The random rantings of a concerned programmer.

A centralized system for sharing sensitive content

June 20th, 2011 | Category: Random

I have too many stupid ideas which I’ll never have enough time to implement. Despite that, some of them I’d really like to see implemented because I bloody need them. So please someone steal this and implement it, even though it’s a stupid piece of trash ;_;

Overview

The goal is to combine the easy-to-use native interfaces of DropBox (http://www.dropbox.com/) with the paranoid strong-encryption cryptography of Tarsnap (http://www.tarsnap.com/) to create a cloud-based sharable storage system where you can share content with yourself and other people, but not even the server providers can see the content being shared.

Deficits in Existing Systems

DropBox

DropBox is a service for easily storing and sharing content in the cloud — after registering an account, it effectively presents itself as a file share on your local machine (Windows, OSX, Linux, etc). Any changes to the data on the file share are automatically and seamlessly propagated to the central server, and from there to any other clients looking at those files. Effectively, it’s a USB drive that’s stored on the internet.

Their shell integration is critical to their success — a naive user can simply run the software and interact with it in the same manner as a USB thumb drive. Because it exposes itself as a logical volume, applications can interface with it out-of-the-box.

Despite the amazing ease-of-use, DropBox is completely insecure and unsuitable for use in a sensitive environment:

  • It relies on password authentication
  • The server software they use is buggy; numerous critical security holes are constantly found
    • Password reset doesn’t deauth clients, http://forums.dropbox.com/topic.php?id=12645
    • Able to reset any password, http://pastebin.com/yBKwDY6T
  • Data is not encrypted; hosting providers (or anyone who can get access) has all your data

Tarsnap

Tarsnap is an online backup system “for the truely paranoid”. After registering, you provide tarsnap with a public key to authenticate all data requests. There are two methods of operation — put data and get data. All data is automatically encrypted by the client software with your public key, then signed with your private, then sent to the server. As soon as the data leaves your system, no one can access it ever again without your private key.

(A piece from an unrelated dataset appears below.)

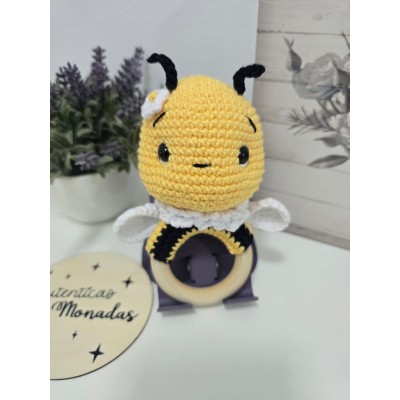 Sonajero mordedor de abejita hecho a mano en crochet para bebé  Juguete sensorial natural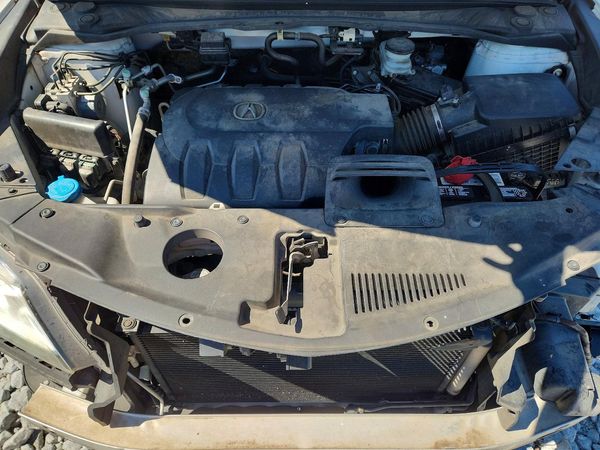 2018 ACURA RDX — Engine bay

Despite the extreme caution it takes with data security, Tarsnap is completely unusable for the majority of DropBox’s use cases:

  • All core functionality is exposed in command-line tools rather than shell integration
  • Designed around loading large, static files; no support for inter-file metadata (directories, etc)
  • Everything done with a single key pair — cannot share data with other uses without giving them your private key

Solution Criteria

We need something that combines the ease-of-use of DropBox’s data-sharing characteristics with the data paranoia of Tarsnap. In particular, it should fulfill the following criteria:

  • No data sent over the network or stored on the server should be unencrypted
  • The server should not be able to decrypt any of the data it contains
  • Private keys must never be shared
  • It must be possible for one user to share a single binary file with multiple users without duplicating the binary content
  • The system must present itself to the end-user as if it were a USB drive (e.g., seamless shell integration)

Proposed Solution

Transport-Level Details

Data is represented in an encrypted unit which will be henseforth termed a “blob”. A blob consists of the following data segments:

  1. The binary payload itself, encrypted with a single-use symmetric key, X⁰
  2. A list of Pⁿ, where each Pⁿ is the known public key of a friend the user authorizes to view the data
  3. A list of Xⁿ, where X⁰ is encrypted with each Pⁿ

Each blob is identified by the SHA256 (or equivalent) hash of its contents (henceforth referred to as the blob ID).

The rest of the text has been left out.